The script runs two cooperating agents: one agent (labeled “Miss writer”) expands the draft, while the other agent provides the initial structure and context. The assignment is to write an approximately 800-word, in-depth technical blog post, then expand it further for more detail. When executed, the system produces multiple drafts; the example shows the writing process actively generating a long-form post, after which the user copies the result and edits it. The final takeaway is not that AI produces perfect content, but that it accelerates the first draft and helps keep the writing grounded in data-driven insights from prior performance.

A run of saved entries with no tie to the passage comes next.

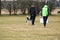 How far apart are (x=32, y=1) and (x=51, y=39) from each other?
39.3 m

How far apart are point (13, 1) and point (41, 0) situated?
6169mm

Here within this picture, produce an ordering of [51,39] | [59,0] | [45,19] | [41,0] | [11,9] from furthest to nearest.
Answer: [59,0] < [41,0] < [11,9] < [45,19] < [51,39]

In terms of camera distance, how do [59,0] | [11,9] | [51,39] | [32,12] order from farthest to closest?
1. [59,0]
2. [11,9]
3. [32,12]
4. [51,39]

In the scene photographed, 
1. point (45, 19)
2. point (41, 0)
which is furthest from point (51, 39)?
point (41, 0)

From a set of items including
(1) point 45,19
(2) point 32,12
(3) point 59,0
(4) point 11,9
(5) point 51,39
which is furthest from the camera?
(3) point 59,0

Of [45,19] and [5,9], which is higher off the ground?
[45,19]

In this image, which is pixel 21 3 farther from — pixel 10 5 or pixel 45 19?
pixel 45 19

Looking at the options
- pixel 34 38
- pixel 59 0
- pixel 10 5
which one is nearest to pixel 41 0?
pixel 10 5

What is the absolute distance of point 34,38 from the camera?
49.5 ft

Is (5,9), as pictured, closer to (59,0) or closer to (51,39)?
(59,0)

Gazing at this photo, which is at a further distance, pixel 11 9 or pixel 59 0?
pixel 59 0

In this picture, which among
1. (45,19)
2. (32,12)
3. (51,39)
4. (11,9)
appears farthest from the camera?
(11,9)

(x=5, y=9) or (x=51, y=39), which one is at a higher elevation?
(x=51, y=39)

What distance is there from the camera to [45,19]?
859 inches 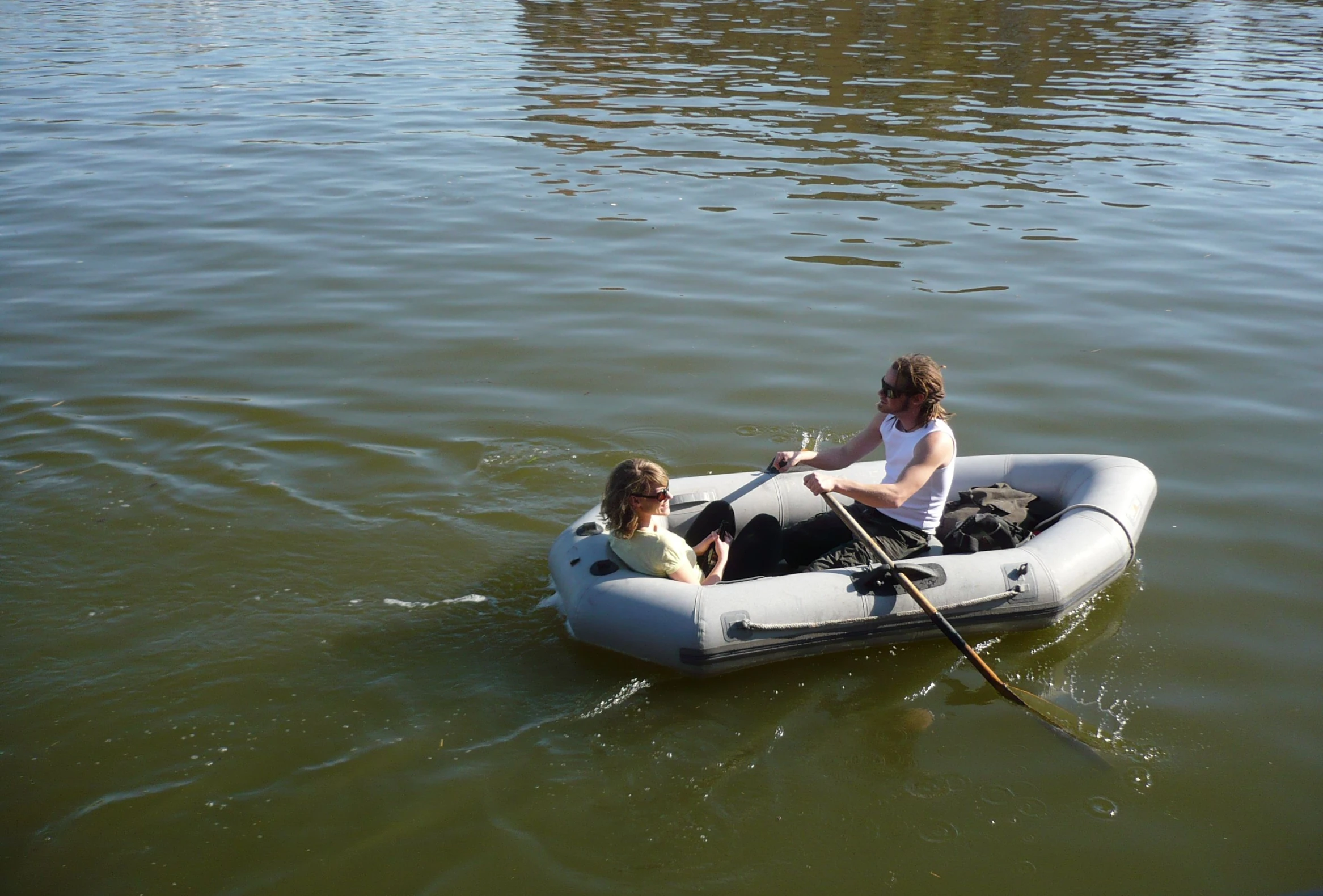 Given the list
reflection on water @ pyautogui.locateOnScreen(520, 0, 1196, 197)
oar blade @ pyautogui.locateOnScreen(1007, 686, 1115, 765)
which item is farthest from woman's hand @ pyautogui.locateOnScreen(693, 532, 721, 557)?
reflection on water @ pyautogui.locateOnScreen(520, 0, 1196, 197)

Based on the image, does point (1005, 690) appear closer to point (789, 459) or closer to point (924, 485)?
point (924, 485)

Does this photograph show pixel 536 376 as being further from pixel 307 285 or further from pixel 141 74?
pixel 141 74

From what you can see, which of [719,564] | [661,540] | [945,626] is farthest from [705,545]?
[945,626]

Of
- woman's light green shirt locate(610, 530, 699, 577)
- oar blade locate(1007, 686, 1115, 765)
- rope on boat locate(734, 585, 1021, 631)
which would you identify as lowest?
oar blade locate(1007, 686, 1115, 765)

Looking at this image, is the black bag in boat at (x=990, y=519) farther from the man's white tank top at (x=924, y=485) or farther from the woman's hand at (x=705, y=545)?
the woman's hand at (x=705, y=545)

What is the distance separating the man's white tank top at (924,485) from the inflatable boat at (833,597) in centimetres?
17

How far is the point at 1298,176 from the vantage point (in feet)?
43.0

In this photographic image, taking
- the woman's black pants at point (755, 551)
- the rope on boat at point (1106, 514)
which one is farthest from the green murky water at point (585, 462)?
the woman's black pants at point (755, 551)

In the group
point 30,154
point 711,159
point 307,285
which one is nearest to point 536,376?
point 307,285

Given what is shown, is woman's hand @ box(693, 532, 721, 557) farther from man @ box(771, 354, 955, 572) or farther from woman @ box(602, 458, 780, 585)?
man @ box(771, 354, 955, 572)

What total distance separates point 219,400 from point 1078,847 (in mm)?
5982

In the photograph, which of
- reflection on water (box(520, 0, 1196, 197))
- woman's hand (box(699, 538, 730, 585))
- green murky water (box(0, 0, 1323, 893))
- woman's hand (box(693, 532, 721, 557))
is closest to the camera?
green murky water (box(0, 0, 1323, 893))

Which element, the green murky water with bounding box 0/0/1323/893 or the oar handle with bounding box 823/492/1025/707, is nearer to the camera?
the green murky water with bounding box 0/0/1323/893

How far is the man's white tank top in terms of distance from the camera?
5.61 meters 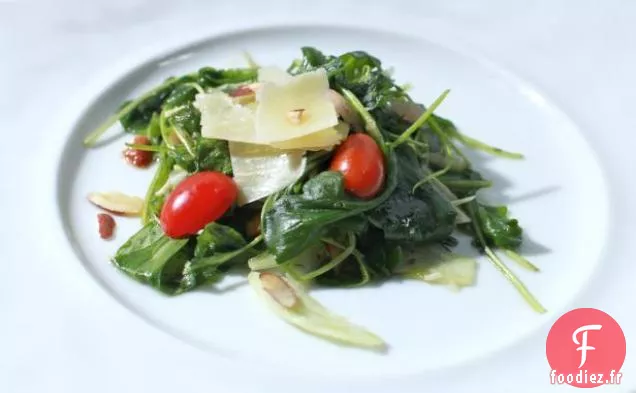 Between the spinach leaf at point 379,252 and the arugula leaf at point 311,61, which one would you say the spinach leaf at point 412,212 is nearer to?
the spinach leaf at point 379,252

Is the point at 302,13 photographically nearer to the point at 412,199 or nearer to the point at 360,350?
the point at 412,199

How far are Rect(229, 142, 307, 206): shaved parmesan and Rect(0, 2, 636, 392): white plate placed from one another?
1.20 feet

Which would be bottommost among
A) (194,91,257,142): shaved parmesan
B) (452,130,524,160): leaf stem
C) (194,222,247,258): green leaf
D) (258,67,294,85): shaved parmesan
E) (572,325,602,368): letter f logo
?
(572,325,602,368): letter f logo

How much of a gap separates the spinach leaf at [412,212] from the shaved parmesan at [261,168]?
1.00ft

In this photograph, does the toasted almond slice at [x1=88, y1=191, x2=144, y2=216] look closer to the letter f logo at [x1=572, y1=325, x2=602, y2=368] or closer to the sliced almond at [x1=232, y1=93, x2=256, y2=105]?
the sliced almond at [x1=232, y1=93, x2=256, y2=105]

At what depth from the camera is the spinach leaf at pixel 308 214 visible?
8.38ft

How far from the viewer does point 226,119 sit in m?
2.76

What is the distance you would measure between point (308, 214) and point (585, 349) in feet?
3.07

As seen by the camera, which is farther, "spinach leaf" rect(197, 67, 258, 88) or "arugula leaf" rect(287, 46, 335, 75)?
"spinach leaf" rect(197, 67, 258, 88)

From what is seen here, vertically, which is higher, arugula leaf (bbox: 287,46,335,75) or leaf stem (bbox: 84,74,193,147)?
arugula leaf (bbox: 287,46,335,75)

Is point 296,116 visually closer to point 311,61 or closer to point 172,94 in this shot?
point 311,61

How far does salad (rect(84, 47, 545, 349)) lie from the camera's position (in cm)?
258

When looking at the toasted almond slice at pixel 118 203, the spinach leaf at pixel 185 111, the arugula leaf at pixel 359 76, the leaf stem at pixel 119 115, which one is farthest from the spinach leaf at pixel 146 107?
Answer: the arugula leaf at pixel 359 76

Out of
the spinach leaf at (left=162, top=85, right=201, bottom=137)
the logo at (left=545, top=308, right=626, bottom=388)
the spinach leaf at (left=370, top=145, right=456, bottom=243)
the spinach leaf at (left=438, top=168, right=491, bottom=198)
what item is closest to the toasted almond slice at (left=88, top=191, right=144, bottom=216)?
the spinach leaf at (left=162, top=85, right=201, bottom=137) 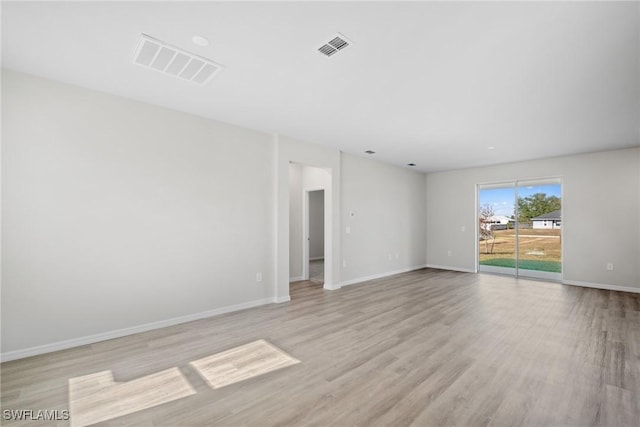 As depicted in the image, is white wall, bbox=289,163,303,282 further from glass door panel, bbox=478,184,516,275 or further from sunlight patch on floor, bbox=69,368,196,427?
glass door panel, bbox=478,184,516,275

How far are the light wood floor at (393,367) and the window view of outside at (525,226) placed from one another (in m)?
2.44

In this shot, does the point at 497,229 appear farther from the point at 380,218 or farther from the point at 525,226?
the point at 380,218

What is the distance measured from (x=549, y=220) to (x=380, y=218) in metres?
3.96

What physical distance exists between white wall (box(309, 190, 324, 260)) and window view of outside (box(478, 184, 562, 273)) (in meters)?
4.85

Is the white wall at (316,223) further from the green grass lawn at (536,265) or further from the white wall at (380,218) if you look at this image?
the green grass lawn at (536,265)

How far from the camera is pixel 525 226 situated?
691 centimetres

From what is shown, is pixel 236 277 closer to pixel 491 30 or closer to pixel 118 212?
pixel 118 212

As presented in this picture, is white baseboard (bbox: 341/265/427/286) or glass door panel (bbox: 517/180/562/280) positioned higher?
glass door panel (bbox: 517/180/562/280)

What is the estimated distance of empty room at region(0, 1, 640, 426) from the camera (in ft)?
6.71

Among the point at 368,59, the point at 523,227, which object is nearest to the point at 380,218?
the point at 523,227

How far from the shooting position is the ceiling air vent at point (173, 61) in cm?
234

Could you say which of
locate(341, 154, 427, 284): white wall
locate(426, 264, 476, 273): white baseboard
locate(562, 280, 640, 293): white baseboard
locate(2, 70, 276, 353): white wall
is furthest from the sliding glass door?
locate(2, 70, 276, 353): white wall

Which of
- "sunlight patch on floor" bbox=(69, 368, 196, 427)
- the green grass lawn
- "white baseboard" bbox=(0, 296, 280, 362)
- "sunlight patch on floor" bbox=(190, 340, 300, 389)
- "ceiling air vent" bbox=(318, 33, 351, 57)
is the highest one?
"ceiling air vent" bbox=(318, 33, 351, 57)

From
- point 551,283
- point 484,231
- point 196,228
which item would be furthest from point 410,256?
point 196,228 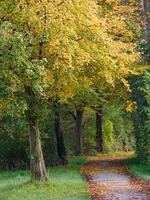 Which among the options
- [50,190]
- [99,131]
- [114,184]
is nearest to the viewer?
[50,190]

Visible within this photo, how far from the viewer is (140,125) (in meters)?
28.4

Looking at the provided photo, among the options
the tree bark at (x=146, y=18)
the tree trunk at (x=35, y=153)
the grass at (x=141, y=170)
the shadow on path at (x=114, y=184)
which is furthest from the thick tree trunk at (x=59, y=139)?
the tree trunk at (x=35, y=153)

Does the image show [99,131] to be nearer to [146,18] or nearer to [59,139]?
[146,18]

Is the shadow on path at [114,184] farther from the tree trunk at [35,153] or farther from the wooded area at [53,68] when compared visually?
the wooded area at [53,68]

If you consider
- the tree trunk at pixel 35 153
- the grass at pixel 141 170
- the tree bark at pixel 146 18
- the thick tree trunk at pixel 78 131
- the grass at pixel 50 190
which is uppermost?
the tree bark at pixel 146 18

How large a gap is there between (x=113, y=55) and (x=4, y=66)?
20.0 ft

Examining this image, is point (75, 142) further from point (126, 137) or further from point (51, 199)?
point (51, 199)

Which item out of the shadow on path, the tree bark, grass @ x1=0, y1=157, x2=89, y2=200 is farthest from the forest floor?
the tree bark

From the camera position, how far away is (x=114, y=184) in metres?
21.0

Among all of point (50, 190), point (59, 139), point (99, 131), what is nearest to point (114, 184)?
point (50, 190)

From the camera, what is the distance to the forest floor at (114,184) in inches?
687

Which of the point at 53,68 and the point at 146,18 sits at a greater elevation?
the point at 146,18

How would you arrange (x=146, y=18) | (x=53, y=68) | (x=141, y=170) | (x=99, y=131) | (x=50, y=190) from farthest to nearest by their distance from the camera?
(x=99, y=131), (x=146, y=18), (x=141, y=170), (x=53, y=68), (x=50, y=190)

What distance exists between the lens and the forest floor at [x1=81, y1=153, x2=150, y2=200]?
1746cm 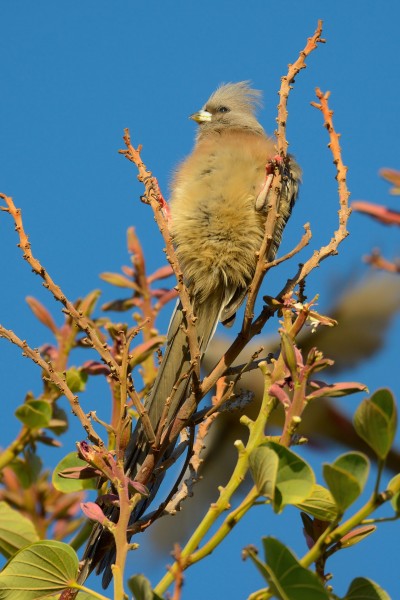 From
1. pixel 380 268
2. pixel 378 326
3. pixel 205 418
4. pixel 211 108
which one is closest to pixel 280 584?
pixel 380 268

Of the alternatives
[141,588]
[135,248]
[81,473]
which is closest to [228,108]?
[135,248]

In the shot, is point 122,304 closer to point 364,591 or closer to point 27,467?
point 27,467

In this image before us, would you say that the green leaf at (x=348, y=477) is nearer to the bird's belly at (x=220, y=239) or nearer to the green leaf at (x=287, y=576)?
the green leaf at (x=287, y=576)

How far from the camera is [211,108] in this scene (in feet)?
14.7

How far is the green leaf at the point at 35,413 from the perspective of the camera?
2477 mm

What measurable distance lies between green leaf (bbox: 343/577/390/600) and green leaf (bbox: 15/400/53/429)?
1300 millimetres

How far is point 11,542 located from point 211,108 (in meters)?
2.75

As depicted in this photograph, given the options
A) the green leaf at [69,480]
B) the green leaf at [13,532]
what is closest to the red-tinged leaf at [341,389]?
the green leaf at [69,480]

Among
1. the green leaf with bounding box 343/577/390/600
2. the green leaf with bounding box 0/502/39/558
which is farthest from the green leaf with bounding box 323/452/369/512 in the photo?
the green leaf with bounding box 0/502/39/558

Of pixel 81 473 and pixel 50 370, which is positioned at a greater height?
pixel 50 370

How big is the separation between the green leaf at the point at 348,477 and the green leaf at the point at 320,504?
123 mm

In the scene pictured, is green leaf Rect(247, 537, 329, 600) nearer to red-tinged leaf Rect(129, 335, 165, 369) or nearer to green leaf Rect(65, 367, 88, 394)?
red-tinged leaf Rect(129, 335, 165, 369)

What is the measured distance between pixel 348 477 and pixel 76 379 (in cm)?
149

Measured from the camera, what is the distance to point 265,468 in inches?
52.9
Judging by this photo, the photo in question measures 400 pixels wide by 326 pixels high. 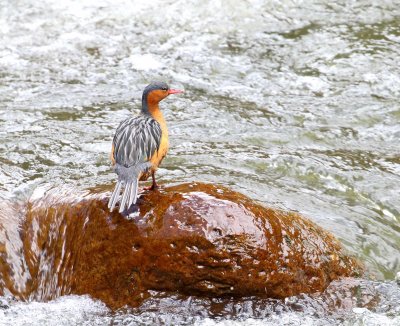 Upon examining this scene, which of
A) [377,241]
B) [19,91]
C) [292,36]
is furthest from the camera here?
[292,36]

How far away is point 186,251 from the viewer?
528cm

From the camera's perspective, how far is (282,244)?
548 cm

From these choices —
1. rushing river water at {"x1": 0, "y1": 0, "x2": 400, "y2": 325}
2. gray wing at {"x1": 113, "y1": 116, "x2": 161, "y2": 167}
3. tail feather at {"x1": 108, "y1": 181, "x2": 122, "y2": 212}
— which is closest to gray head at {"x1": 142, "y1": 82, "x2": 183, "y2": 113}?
gray wing at {"x1": 113, "y1": 116, "x2": 161, "y2": 167}

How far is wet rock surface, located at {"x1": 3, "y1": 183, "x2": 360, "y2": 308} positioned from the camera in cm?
530

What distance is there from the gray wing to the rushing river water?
757 millimetres

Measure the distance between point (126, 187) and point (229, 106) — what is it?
12.2 ft

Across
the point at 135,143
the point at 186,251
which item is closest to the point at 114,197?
the point at 135,143

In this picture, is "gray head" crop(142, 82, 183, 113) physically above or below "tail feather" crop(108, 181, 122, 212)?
above

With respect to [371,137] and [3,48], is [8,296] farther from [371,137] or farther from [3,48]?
[3,48]

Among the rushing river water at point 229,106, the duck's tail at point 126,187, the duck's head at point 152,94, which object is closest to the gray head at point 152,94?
the duck's head at point 152,94

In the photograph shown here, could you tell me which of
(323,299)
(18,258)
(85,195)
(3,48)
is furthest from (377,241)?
(3,48)

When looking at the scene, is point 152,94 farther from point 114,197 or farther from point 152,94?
point 114,197

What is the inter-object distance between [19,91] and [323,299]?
16.1 ft

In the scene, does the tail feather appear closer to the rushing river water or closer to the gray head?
the rushing river water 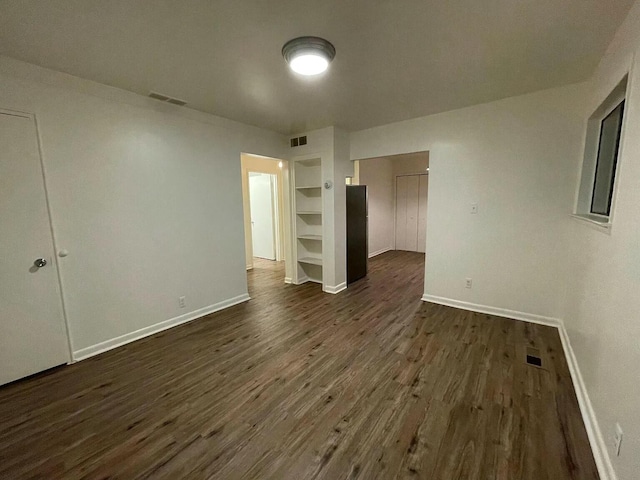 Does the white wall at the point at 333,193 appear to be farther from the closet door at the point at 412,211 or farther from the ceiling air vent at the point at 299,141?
the closet door at the point at 412,211

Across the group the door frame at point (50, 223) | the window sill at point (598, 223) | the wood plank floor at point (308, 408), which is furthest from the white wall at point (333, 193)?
the door frame at point (50, 223)

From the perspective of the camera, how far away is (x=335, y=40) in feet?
6.13

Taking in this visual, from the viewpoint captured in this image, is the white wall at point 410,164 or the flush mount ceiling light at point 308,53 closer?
the flush mount ceiling light at point 308,53

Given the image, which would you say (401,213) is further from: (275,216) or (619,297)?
(619,297)

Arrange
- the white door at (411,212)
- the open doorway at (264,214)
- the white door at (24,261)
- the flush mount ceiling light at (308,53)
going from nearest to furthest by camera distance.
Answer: the flush mount ceiling light at (308,53) < the white door at (24,261) < the open doorway at (264,214) < the white door at (411,212)

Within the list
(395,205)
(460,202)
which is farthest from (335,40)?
(395,205)

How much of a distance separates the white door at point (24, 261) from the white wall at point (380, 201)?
5.44 meters

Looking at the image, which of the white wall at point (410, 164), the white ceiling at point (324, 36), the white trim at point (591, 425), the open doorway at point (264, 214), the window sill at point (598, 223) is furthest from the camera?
the white wall at point (410, 164)

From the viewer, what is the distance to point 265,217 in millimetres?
7016

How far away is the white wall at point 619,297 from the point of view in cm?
121

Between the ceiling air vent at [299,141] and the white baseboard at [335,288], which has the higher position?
the ceiling air vent at [299,141]

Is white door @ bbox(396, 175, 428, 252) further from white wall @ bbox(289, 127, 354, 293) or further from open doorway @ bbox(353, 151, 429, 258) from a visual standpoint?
white wall @ bbox(289, 127, 354, 293)

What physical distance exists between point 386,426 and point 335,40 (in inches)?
104

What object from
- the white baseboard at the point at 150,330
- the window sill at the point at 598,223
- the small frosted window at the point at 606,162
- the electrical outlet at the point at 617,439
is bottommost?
the white baseboard at the point at 150,330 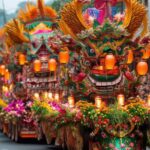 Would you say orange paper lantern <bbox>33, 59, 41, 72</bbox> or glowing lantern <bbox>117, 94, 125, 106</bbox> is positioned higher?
orange paper lantern <bbox>33, 59, 41, 72</bbox>

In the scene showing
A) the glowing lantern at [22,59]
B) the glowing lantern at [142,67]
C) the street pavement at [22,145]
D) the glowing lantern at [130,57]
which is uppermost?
the glowing lantern at [22,59]

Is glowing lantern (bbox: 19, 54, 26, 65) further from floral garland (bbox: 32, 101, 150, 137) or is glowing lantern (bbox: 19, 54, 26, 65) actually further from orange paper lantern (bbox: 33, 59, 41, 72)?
floral garland (bbox: 32, 101, 150, 137)

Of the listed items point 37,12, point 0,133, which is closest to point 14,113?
point 37,12

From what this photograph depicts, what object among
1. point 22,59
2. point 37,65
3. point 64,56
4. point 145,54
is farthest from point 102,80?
point 22,59

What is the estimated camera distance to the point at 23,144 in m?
22.2

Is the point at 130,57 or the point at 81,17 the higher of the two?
the point at 81,17

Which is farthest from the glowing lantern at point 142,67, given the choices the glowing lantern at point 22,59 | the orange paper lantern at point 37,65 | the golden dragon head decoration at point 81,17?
the glowing lantern at point 22,59

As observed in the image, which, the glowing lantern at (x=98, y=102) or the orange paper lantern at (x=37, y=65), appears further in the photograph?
the orange paper lantern at (x=37, y=65)

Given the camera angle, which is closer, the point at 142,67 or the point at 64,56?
the point at 142,67

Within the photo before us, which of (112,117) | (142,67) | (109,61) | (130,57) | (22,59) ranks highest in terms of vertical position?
(22,59)

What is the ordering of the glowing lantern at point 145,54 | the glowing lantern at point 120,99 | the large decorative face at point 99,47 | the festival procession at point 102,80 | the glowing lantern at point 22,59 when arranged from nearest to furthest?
the festival procession at point 102,80 → the glowing lantern at point 120,99 → the large decorative face at point 99,47 → the glowing lantern at point 145,54 → the glowing lantern at point 22,59

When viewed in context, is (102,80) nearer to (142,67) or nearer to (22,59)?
(142,67)

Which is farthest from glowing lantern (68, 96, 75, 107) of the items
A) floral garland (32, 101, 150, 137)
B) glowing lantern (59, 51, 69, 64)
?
glowing lantern (59, 51, 69, 64)

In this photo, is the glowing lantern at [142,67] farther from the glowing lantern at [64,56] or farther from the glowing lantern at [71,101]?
the glowing lantern at [64,56] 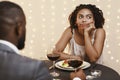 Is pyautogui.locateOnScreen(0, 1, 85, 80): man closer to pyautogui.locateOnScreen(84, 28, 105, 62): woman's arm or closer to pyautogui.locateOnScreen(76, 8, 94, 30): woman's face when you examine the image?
pyautogui.locateOnScreen(84, 28, 105, 62): woman's arm

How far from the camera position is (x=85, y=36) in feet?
9.36

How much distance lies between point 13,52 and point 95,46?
1.72 metres

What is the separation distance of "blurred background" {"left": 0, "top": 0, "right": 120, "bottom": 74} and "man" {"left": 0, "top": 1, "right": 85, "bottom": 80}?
2.53 meters

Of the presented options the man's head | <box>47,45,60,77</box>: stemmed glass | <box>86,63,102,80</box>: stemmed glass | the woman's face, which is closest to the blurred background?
the woman's face

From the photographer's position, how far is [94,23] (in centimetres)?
301

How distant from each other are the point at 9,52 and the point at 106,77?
105 cm

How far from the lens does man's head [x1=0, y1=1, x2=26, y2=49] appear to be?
3.78 feet

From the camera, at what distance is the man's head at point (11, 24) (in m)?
1.15

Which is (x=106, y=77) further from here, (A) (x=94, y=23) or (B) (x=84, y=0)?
(B) (x=84, y=0)

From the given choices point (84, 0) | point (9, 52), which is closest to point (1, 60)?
point (9, 52)

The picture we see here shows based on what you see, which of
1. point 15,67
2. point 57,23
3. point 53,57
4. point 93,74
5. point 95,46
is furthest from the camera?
point 57,23

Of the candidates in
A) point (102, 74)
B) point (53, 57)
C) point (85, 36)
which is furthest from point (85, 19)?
point (102, 74)

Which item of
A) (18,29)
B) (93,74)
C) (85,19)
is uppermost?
(18,29)

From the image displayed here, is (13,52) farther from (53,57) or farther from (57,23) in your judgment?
(57,23) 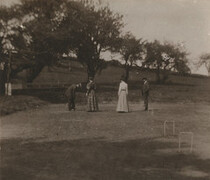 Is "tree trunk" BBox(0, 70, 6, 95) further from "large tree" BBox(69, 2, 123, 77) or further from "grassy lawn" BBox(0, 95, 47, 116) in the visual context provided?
"large tree" BBox(69, 2, 123, 77)

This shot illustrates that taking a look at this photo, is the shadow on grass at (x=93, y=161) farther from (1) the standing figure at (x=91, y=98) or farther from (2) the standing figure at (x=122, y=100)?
(1) the standing figure at (x=91, y=98)

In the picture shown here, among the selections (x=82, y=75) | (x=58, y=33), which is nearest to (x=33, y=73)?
(x=58, y=33)

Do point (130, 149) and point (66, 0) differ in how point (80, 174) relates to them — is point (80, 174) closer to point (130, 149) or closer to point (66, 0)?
point (130, 149)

Overall, the method links analytics to editorial decisions: upload performance data, let Code Interpreter identify what’s working, generate new content ideas and titles from those patterns, then use agent-based drafting to turn the ideas into usable blog drafts. It’s positioned as a repeatable way to build more data-driven marketing content across YouTube and a website, with the user doing the final human editing and refinement.
Cornell Notes
The workflow uses ChatGPT’s Code Interpreter to analyze last-28-days performance data from both a website and YouTube, then converts the strongest signals into new content ideas. After uploading a ZIP file with metrics like clicks, impressions, CTR, Google position, page views, and YouTube views, watch time, and CTR, Code Interpreter unzips and inspects the datasets, identifies best-performing content patterns, and generates a large list of new ideas and titles. Those ideas can be paired with additional context (such as a saved transcript) to extract key notes and produce a structured outline. Finally, a Python script runs two cooperating agents to draft and expand an in-depth technical blog post, which the user edits before publishing. The value is faster, more data-grounded ideation and drafting.
How does the process start, and what data is required for the analysis?
What does Code Interpreter do after the ZIP file is uploaded?
How are the generated ideas made more specific than generic brainstorming?
How does the workflow move from ideas to actual draft writing?
What is the role of human editing in the final content?
Review Questions
- What specific metrics from the website and YouTube datasets are used to drive the correlation-based idea generation?
- Describe the step-by-step chain from ZIP upload to title ideas to an expanded blog draft.
- Why does the workflow still require human editing, even after using two-agent drafting?
Key Points
- 1
Upload a ZIP containing both website performance data (queries, clicks, impressions, CTR, Google position, page views) and YouTube performance data (titles, views, watch time, impressions, CTR) for the same time window.
- 2
Use Code Interpreter to unzip, inspect, and analyze correlations across datasets, then identify best-performing content patterns.
- 3
Generate a large list of new content ideas and titles directly from the strongest-performing items rather than relying on generic brainstorming.
- 4
Pair performance-driven ideas with additional context (like a saved transcript) to extract key notes and produce structured title options.
- 5
Run a Python script that coordinates two agents to draft and expand long-form technical blog posts from the extracted context.
- 6
Treat AI output as an initial draft and plan for human review and editing before publishing.